Prediction of Taxi Demand Using Random Forest
Introduction
Random forest regression model is built here to predict the demand of taxi in a certain space unit across the Manhattan. We focus on the demand in each taxi zones, which are roughly based on NYC Department of City Planning’s Neighborhood Tabulation Areas (NTAs). The predcition result provide an overall view of taxi trips made in each taxi zone the next day. Here are some predictors we think that would be related to the number of taxi trips:
- Number of restaurants in each taxi zone,
- Number of stores in each taxi zone,
- Number of subway stops in each taxi zone,
- Percent of people commuting by taxi of each taxi zone,
- Median income of each taxi zone.
- whether rain or not on the day when trip was made
- Mean temperature of the day when trip was made
- Is the day when trip was made weekend?
Data Processing
Taxi trips data is downloaded using pandas.read_parquet
. Taxi zones data is provided by NYC Open Data. There are in total 11842094 records and we only focus on the trips made in 2nd week of 2015.
Data from Open Street Map
Location data of restaurants, stores, and subway stops could be easily downloaded by using osm2gpd
package. By using spatial join sjoin
and groupby
, the number of the facilities in each taxi zone could be easily calculated and is diplayed in the figure below.
Census Tract Data
Median income, number of people commuting by taxi and number of commuters are extracted from American Community Survey 5-Year Data.
Weather data
Weather data is ASOS-AWOS-METAR Data. Daily mean temperature and mean precipitation data are included in the regression model to increase accuracy.
Predcition result
RandomForestRegressor
is used to build the regression model. Taxi trips made on Monday, Tuesday, Wednesday, Friday and Sunday in the 2nd week of 2015 are set as training data set, and trips made on Thurday and Saturday are set as test data set. The correltion between each two predictors is plotted.

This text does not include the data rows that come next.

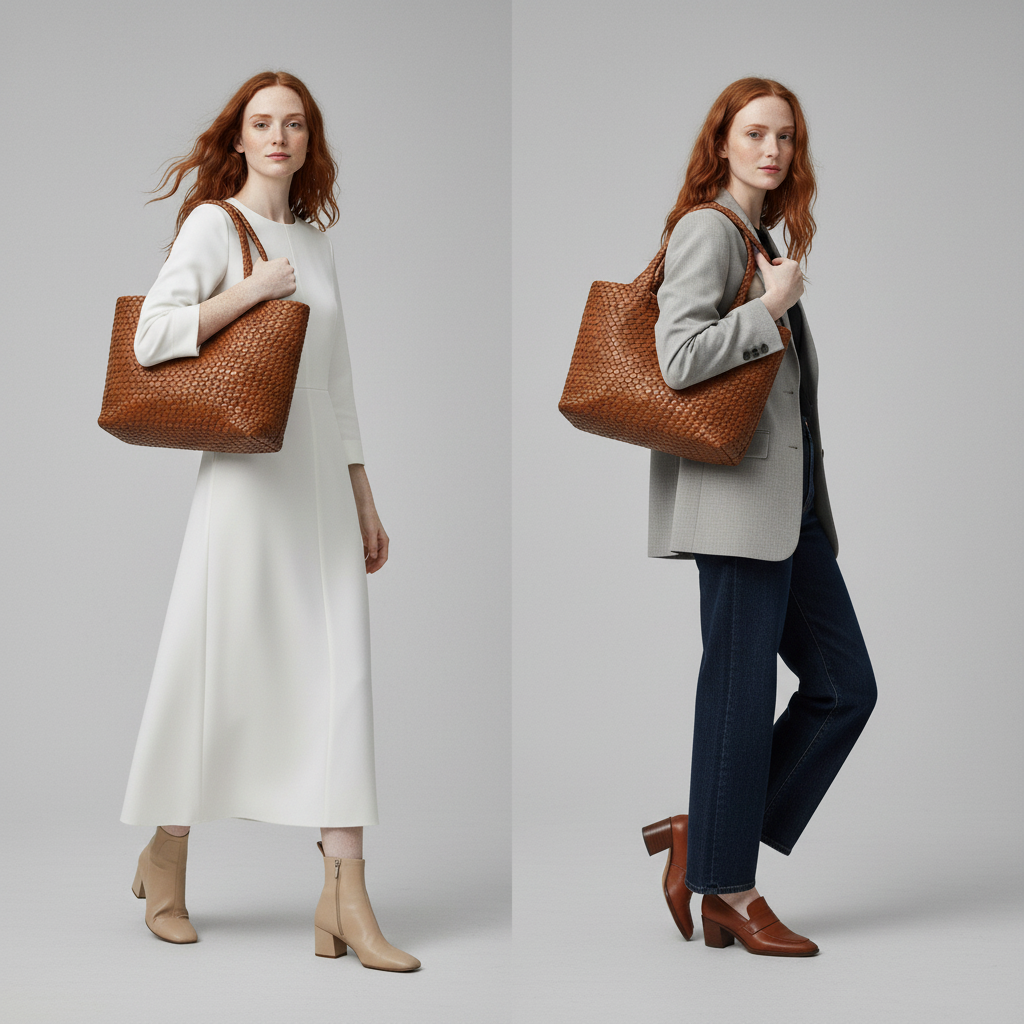 Women's woven tote bag with braided shoulder handles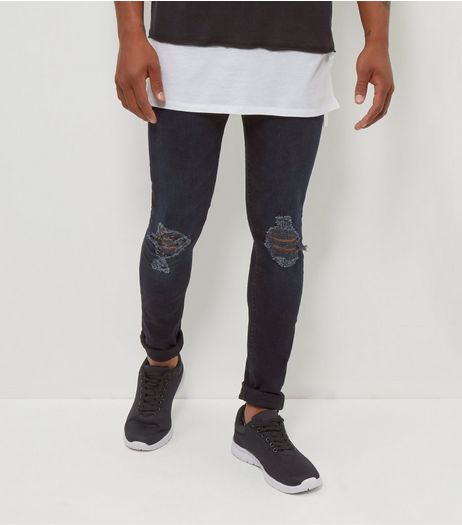 Navy Stonewash Rip Knee Super Knee | New Look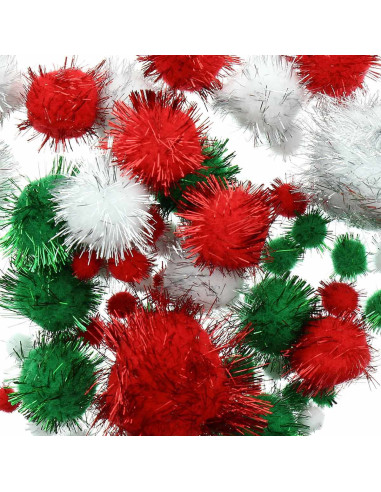 Set di 60 pompon brillanti - Natale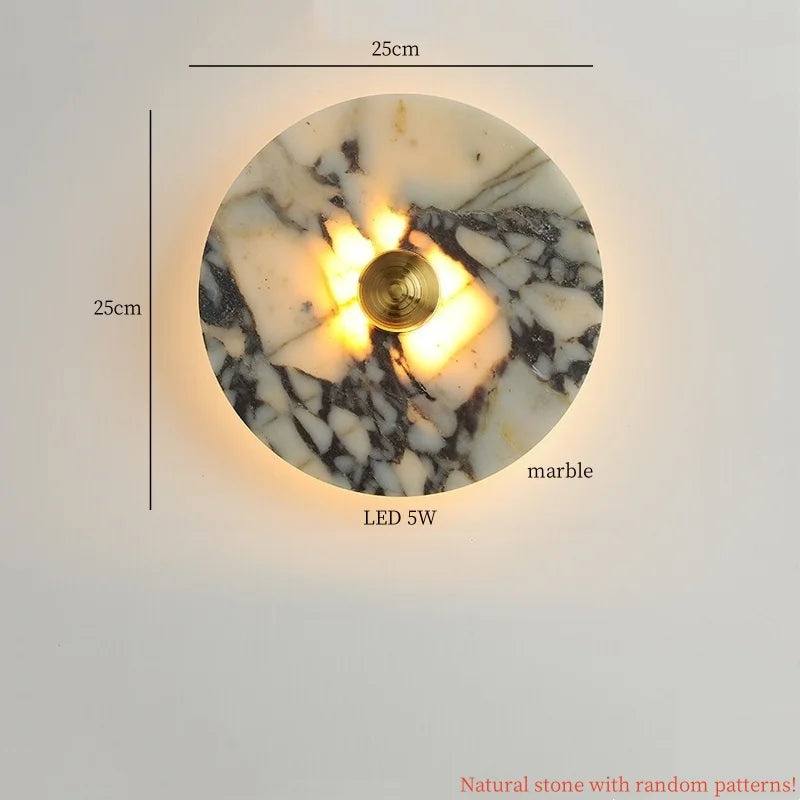 Axyaa Marble LED Wall Lamps - Nordic Minimalism for Bedroom, Bathroom, Living Room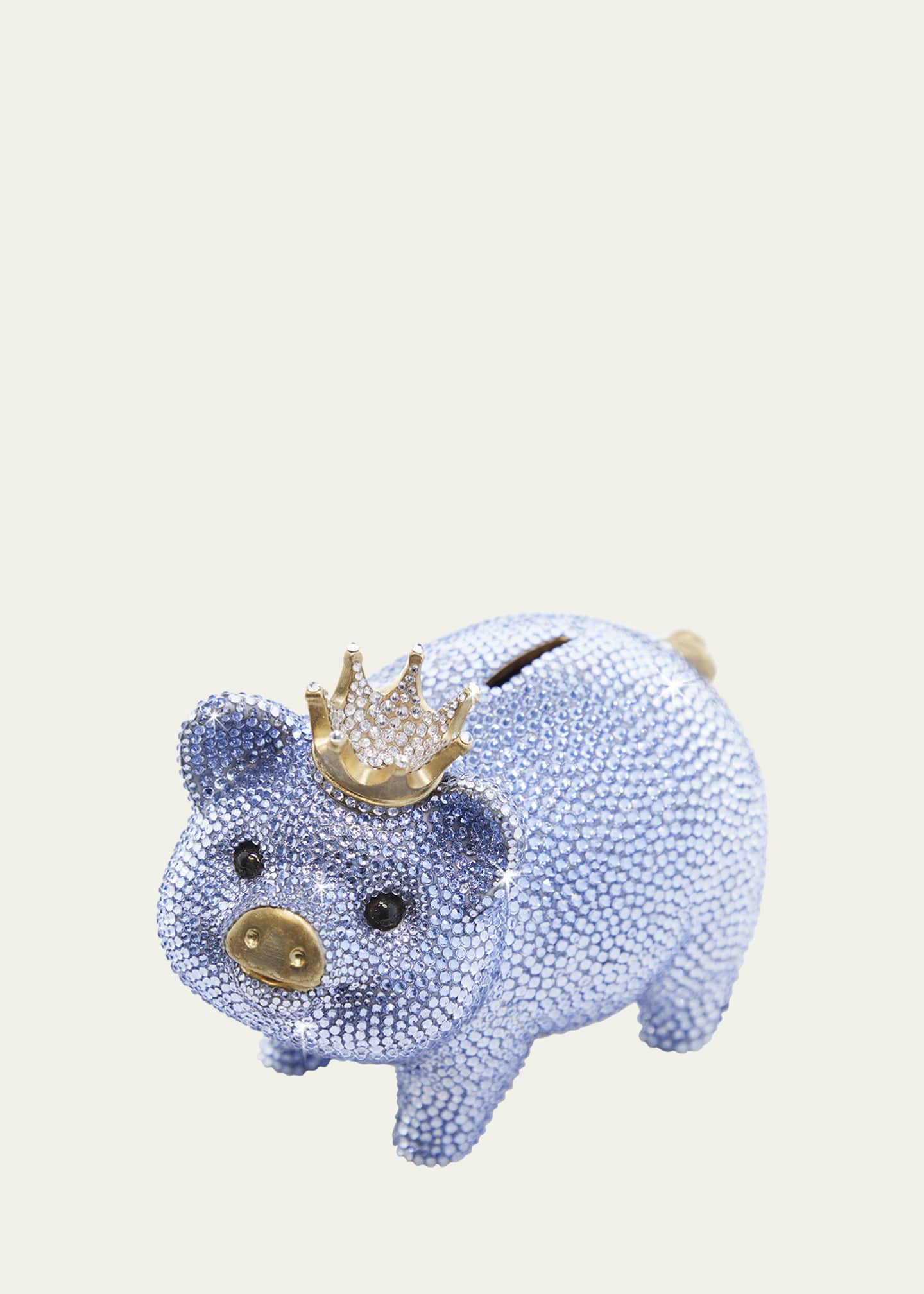 Jay Strongwater Baby Blue Piggy Bank w/ Crown Image 2 of 5
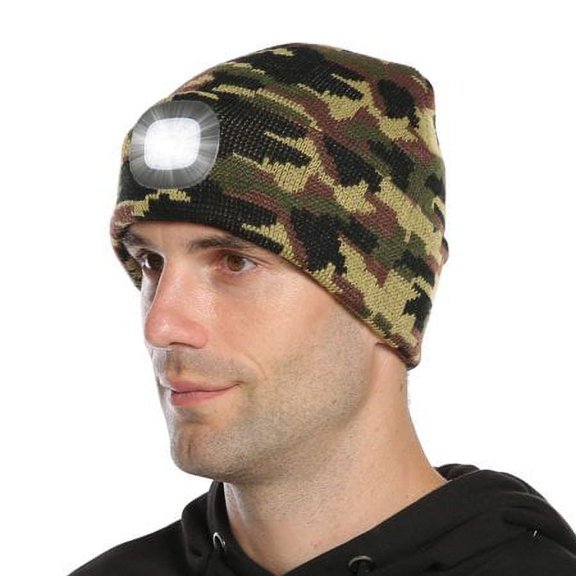 GRNSHTS Unisex LED Light Cap Knit Beanie Hat with Rechargeable Batteries For Outdoor Hunting Camping Fishing (camouflage)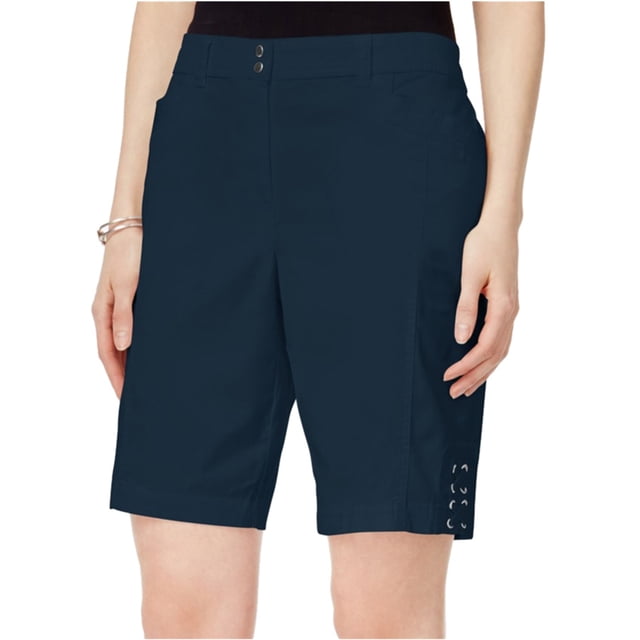 Bermudas casuales Karen Scott con dobladillo anudado para mujer azul 12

A simple grid search is run to optimize our hyperparameters. n_estimators
is 200, and max_depth
is 5 in the model. The test score of the prediction is 0.91, whereas the score is 0.40 when using linear regression model. The top important predictor is the count of stores in each taxi zone.
For test set data, MAE is 1828.39. The mean value of the taci trips made on these two days is 6593.24. We map the absolute error and more should be done to make the model more generalizable.
The model perform better for weekday demand prediction, which probably because lack of the training data for weekend.
We map the predicted and actual demand and our prediction model detect the general trend of demand across the space. To make our model more accurate, more predictors could be added into the model.
Based on the result, we can conclude that the model is generally good to predict the demand of taxi in NYC. Greater amount of data and more strongly related predictors would make the model better.